アーフラバーンは、いつどのようにドリアテッサを思い切り、マルエリア姫と結婚する気になったのか、という質問である。
本人に訊くのはあまりといえばあまりだが、どうせお互いこれから死にに行くのである。
思いきって、アーフラバーンに、
マルエリア姫に結婚を申し込んだのは、なぜじゃ。
と訊いた。
アーフラバーンは苦笑いをして答えた。
「パルザムへの援軍に自ら加わったのは、実はもう一度ドリアテッサとじっくり話しておきたい、ということもあったのです。
あの時点では、バルド殿はパルザムで爵位や領地を得るものと思っておりましたから。
当然、ジュルチャガもパルザムで落ち着くと。
そうなるといよいよ結婚ということになりかねません。
何より、遠いパルザムでジュルチャガとドリアテッサを野放しにしておくのが、どうにも我慢できませんでした。
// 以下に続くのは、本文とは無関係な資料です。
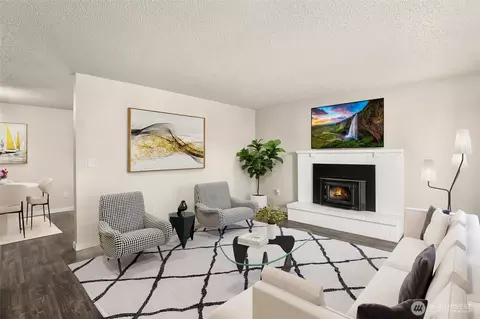 Living - 16922 17th Ave E, Spanaway, WA 98387 photo 2 of 3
しかしパルザムに行き、二人の姿を見たとき、私の気持ちはしぼんでしまったのです。
あの二人のあいだには、まったく入り込む余地などありませんでした。
ああ、もうドリアテッサは心の中ではジュルチャガに嫁いでいるのだ。
そう思うほかありませんでした。
私はすっかり落胆しました。
その私の傷心を、優しきマルエリアは何となく気付いたようでした。
優しく私をいたわってくれたのです」
要するに、その優しさにほだされた、ということらしい。
なるほど。
誰かが歌を歌い始めた。
〈巡礼の騎士〉だ。
すぐに大勢が唱和し始めた。
どうしてこんなに大勢の騎士がこの歌を知っているのだろう。
などと考えるのはやめて、バルドも一緒に歌った。
三番の歌詞を歌うころには、誰もが食べることも飲むこともやめて、ただ歌い、聞いた。
〈騎士よ〉
〈騎士よ〉
〈巡礼の騎士よ〉
〈なんじの勲功は刻まれたり〉
〈人々の胸に〉
〈戦乙女の白き翼に〉
〈今や恩寵は地にあふれ〉
〈すべての痛苦は癒される〉
〈神の奇跡のふる朝に〉
〈最後の約束は果たされる〉
〈賛えよ!〉
〈賛えよ!〉
〈老いたる杖は若芽を吹き〉
〈死せる勇士はよみがえる〉
〈神の御座は開かれたり〉
〈神の御座は開かれたり〉
騎士たちの歌声が響く夜のロードヴァン城を、二つの月が見下ろしていた。
6
翌七月一日。
軍令官の指示通り、ロードヴァン城から別動隊は出発した。
いくつかの砂丘を越えたところにジョグ・ウォードがいた。
コリン・クルザーも一緒だ。
「じじい。
遅えぞ」
と言われ、なぜか反射的に、すまんかったのう、と謝ってしまった。
ジョグとコリンは当たり前のように隊列に加わった。
そしてアーフラバーンに近寄ると、
「おい、きんきら。
この卑怯者め」
と歯をむき出して非難した。
バルドには何のことか、すぐに分かった。
アーゴライド公爵家から妻を迎えるにあたり、アーフラバーンは同盟関係にあるガイネリアを通過することを避け、セイオン、テューラ経由の道を選んだ。
そのことだ。
つまりジョグは、こっちを通ったら花嫁を略奪してやったのに、俺の手の届かない所を通るとは貴様は卑怯なやつだ、と非難しているのだ。
やっぱりこの男は変だ。
アーフラバーンはジョグの言い分を鼻で笑ってあしらい、からかいの言葉を投げた。
ジョグがそれに食いつき、二人は益体もない言い合いを続けた。
そこにキリー・ハリファルスも馬を寄せて会話に参加した。
時間と場所を選んで待つことができたということは、ジョグはこちらの予定を知っていたということである。
誰が知らせたのか。
ガイネリアへの連絡および食料などの買い付けは、ファファーレン家の四男が担当した。
そのとき知らせたに違いない。
当然、アーフラバーンの命によって。
この二人、案外仲がいいのかもしれない。
知らせれば戦いに駆け付けるだろうと、アーフラバーンは確信していたわけだ。
ジョグこそが二十人目の勇士だったのだ。
バルドたちは勝算の高くない賭けに出ようとしている。
が、その心は空と同様からりと晴れていた。